Cloud-Based Cancer Care
Could the key to better cancer care lie outside conventional approaches and thinking?
Jurgi Camblong | | 3 min read | Opinion
Traditional cancer research cannot move fast enough to keep up with the evolution and prevalence of the disease. The answers we need live inside each of us at a molecular level and we are now beginning to explore this new dimension of information. But humans cannot always process biological data as quickly or efficiently as deep learning machines and algorithms. The vast knowledge base stored within the human body cannot be seen through a microscope; it requires deep exploration into the 0s and 1s of biological data. In short, if we want to make urgently needed progress in cancer care, we need to embrace emerging technologies and data-driven approaches.
Despite noble goals, researchers undoubtedly face challenges in breaking free of a siloed approach through the adoption of cloud-based technologies. Certainly, one major barrier to the widespread application of data analytics in healthcare is that, unlike many other industries, healthcare decisions deal with highly sensitive information, require timely data and action, and may have life-or-death consequences. As a result, research labs often do their own data analysis and keep the data in-house.
Through cloud computing and insight-sharing initiatives, an individual’s anonymized health data can be analyzed and compared in the context of a much larger, more complete health data network. Traditionally, though a provider may be able to compare a single patient’s current health status with their past medical records or clinical industry guidelines, they do not always have access to active data or “living” examples of effective treatments or strategies that evolve in real time. The COVID-19 pandemic was an extremely apparent example of how much collaborative global medical strategies are lacking and where regional hospital networks can benefit from sharing emerging trends and effective therapies worldwide via a single portal.
We must all engage in clinical collaboration on a global scale – we cannot stay working in individual siloes. Here, technology – namely, cloud-based platforms – can allow significant clinical insights to be instantly shared among researchers so that individual clinicians are no longer alone in their fight to improve cancer care.
As we gather increasingly large amounts of data, bioinformaticians can be extremely helpful to medical professionals.

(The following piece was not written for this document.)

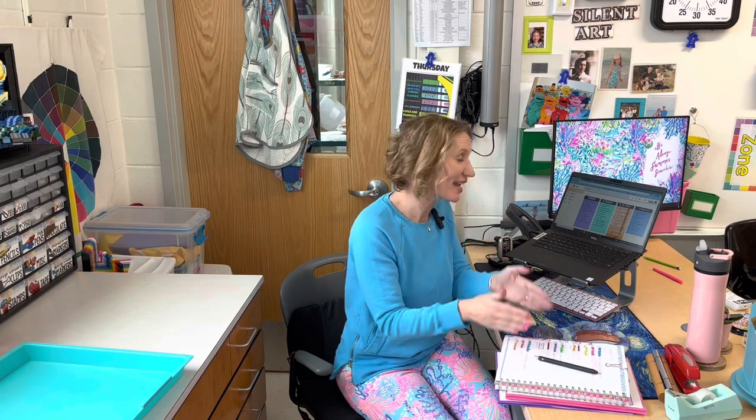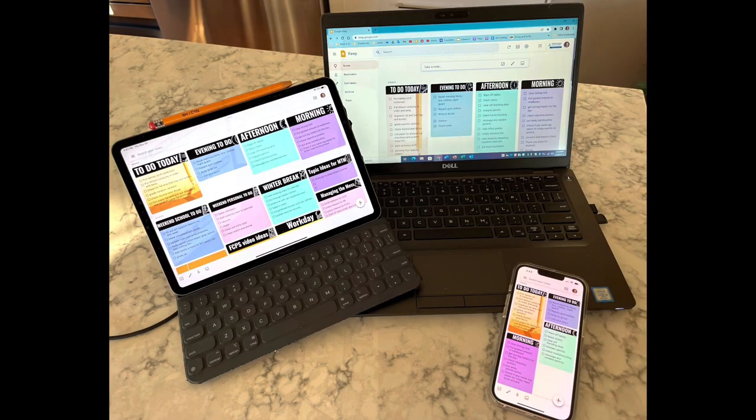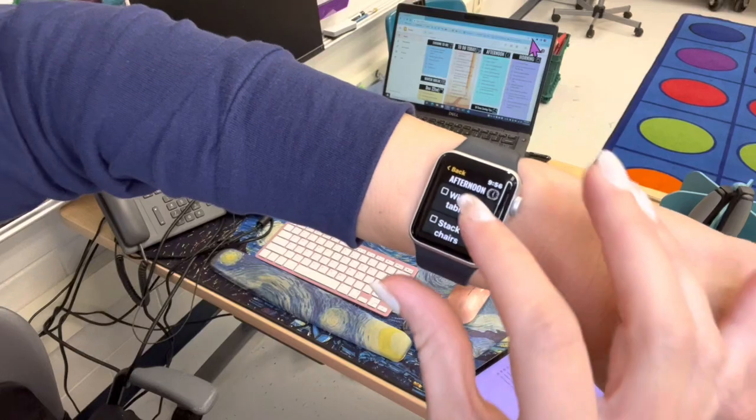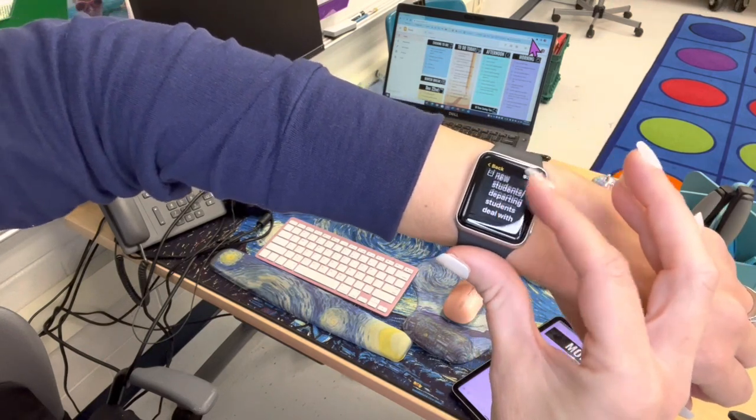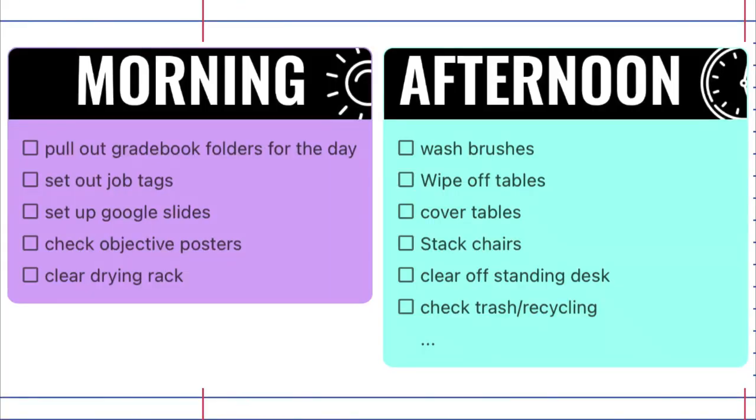A big part of being good at transitions is being organized — it's a good thing you've found this channel, Managing the Mess — but also about being prepared. I like to have my lesson plans done ahead of time and really think about those transitions, putting prep tasks into my to-do list. For my to-do list, I use Google Keep. I really like it because it syncs across my phone, iPad, and Apple Watch, so my list is always with me. If I remember something I need to do, I can simply add it in. I organize mine with a morning and an afternoon school list as a checklist — things I do every single day, check them off, and then uncheck them the next day, like setting up my Google Slides, pulling out my grade book, and clearing off the drying rack in the morning.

They can optimize technologies, such as machine learning, to find relevant (and previously undiscoverable) data to supporCloudt new findings. For example, a single variant discovered among the data may indicate a possible treatment option, but another biomarker may contradict its usefulness as a viable therapy. By offering a macroscopic view of the data, healthcare professionals can better classify and interpret biomarkers – allowing better decision-making for their patients.
Cancer care is continually evolving, thanks to technology platforms that record and combine longitudinal data with treatment information and outcomes. The next step – or leap – is to use artificial intelligence and machine learning to extract new insights from the data, improve disease prevention, and bring faster, more effective drugs to market. There are already two biomolecular approaches being implemented in the field that show great promise in supporting research for new therapies: the detection of homologous recombination deficiency and RNA fusions (RNA targeting). Clinical studies are starting to reveal how effective these biomarkers can be at not only identifying cancers, but also tracking the effectiveness of treatment for malignancies associated with these molecular abnormalities.

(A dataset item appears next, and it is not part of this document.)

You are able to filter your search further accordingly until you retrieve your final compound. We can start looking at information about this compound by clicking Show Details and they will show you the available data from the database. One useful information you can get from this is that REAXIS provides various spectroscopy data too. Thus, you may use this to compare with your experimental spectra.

To improve cancer care, we must fine-tune the complicated research process behind clinical discoveries – something I believe we can accomplish with a data-driven medicine approach and advanced analytical tools. At the same time, we must provide oncologists with better insights into patients’ reactions to different treatments, as well as the outcomes achieved, to support more informed decisions. In my view, we can only achieve these two goals when health data are not siloed. Access to better data through the cloud enables broader perspectives and makes us smarter as a community.